[Opening Supplied material section]

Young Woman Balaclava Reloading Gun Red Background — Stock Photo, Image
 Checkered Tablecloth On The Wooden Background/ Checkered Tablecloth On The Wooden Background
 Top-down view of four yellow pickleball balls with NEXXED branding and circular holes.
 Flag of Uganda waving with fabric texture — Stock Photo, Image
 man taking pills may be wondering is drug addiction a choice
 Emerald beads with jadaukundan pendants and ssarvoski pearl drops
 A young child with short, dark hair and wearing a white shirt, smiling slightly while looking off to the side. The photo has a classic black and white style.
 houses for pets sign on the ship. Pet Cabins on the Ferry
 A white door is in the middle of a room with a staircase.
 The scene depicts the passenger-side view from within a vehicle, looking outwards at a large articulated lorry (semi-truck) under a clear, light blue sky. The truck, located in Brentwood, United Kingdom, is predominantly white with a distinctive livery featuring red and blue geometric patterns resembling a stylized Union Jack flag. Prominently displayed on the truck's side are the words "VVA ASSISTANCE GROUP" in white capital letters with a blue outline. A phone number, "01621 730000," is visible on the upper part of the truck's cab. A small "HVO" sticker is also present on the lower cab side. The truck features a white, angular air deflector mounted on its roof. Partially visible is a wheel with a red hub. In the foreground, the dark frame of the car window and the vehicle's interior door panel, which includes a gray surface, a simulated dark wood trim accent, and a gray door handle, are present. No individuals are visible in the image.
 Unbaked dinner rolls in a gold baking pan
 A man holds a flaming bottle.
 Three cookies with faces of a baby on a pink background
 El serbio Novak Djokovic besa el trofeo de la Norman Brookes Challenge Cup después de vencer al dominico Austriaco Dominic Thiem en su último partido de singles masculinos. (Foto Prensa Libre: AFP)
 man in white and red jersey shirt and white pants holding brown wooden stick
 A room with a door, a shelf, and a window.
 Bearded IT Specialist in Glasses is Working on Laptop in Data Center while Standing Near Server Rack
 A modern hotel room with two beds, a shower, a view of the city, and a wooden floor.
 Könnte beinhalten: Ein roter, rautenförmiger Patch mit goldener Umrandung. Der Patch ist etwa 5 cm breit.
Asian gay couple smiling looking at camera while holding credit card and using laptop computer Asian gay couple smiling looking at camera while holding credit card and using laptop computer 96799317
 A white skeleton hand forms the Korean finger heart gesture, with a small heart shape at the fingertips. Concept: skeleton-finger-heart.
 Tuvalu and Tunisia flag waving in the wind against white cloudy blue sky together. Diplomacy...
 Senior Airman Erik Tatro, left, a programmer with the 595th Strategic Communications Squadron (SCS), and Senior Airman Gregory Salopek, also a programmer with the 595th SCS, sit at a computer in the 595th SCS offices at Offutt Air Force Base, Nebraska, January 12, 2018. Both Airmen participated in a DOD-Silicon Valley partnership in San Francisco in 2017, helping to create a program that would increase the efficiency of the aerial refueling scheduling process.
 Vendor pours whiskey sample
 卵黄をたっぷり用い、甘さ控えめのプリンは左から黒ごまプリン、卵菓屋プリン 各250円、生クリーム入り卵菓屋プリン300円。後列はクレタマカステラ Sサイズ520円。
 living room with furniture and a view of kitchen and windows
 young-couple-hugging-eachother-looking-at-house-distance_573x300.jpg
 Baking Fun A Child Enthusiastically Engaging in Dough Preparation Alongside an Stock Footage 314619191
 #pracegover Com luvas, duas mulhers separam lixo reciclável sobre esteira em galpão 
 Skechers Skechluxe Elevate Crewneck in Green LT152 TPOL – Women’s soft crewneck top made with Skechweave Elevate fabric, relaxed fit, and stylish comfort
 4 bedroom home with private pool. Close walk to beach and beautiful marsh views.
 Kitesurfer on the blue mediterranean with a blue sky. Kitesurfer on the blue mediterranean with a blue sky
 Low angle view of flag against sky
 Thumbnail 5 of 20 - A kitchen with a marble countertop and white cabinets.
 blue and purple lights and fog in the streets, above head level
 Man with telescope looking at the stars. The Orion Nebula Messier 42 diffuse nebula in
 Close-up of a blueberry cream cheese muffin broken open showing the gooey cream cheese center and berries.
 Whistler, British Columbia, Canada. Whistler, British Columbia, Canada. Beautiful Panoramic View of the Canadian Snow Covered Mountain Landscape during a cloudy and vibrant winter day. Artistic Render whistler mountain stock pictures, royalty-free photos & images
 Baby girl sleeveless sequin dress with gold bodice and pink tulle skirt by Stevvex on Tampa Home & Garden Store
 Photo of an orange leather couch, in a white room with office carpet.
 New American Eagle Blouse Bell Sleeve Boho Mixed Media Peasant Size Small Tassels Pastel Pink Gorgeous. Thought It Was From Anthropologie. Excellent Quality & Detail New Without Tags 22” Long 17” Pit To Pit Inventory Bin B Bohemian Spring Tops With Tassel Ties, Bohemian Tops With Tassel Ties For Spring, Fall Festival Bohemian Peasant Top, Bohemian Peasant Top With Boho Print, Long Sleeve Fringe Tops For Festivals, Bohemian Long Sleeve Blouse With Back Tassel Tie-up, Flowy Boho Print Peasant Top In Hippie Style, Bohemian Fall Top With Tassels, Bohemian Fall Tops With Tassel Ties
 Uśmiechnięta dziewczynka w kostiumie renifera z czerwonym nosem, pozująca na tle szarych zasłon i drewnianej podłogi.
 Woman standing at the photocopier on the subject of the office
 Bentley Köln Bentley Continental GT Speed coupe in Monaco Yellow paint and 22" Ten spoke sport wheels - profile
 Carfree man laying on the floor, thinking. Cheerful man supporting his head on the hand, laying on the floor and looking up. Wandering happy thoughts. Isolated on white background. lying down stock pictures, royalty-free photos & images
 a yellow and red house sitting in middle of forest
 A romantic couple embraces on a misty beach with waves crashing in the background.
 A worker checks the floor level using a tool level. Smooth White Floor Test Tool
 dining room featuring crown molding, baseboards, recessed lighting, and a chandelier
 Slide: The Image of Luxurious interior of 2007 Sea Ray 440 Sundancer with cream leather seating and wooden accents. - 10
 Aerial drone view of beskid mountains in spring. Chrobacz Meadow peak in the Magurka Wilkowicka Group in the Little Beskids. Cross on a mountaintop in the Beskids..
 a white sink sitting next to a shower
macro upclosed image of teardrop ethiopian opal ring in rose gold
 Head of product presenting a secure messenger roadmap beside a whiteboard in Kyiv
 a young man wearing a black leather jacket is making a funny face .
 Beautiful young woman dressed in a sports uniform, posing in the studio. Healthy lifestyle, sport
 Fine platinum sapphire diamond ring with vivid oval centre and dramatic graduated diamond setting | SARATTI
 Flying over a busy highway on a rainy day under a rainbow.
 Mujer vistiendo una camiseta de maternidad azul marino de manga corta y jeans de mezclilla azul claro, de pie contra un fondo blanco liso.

[Closing Supplied material section]

**Work request**
Lines with "down": find them in the data and copy each one.

**Worked solution**
 Top-down view of four yellow pickleball balls with NEXXED branding and circular holes.
 Carfree man laying on the floor, thinking. Cheerful man supporting his head on the hand, laying on the floor and looking up. Wandering happy thoughts. Isolated on white background. lying down stock pictures, royalty-free photos & images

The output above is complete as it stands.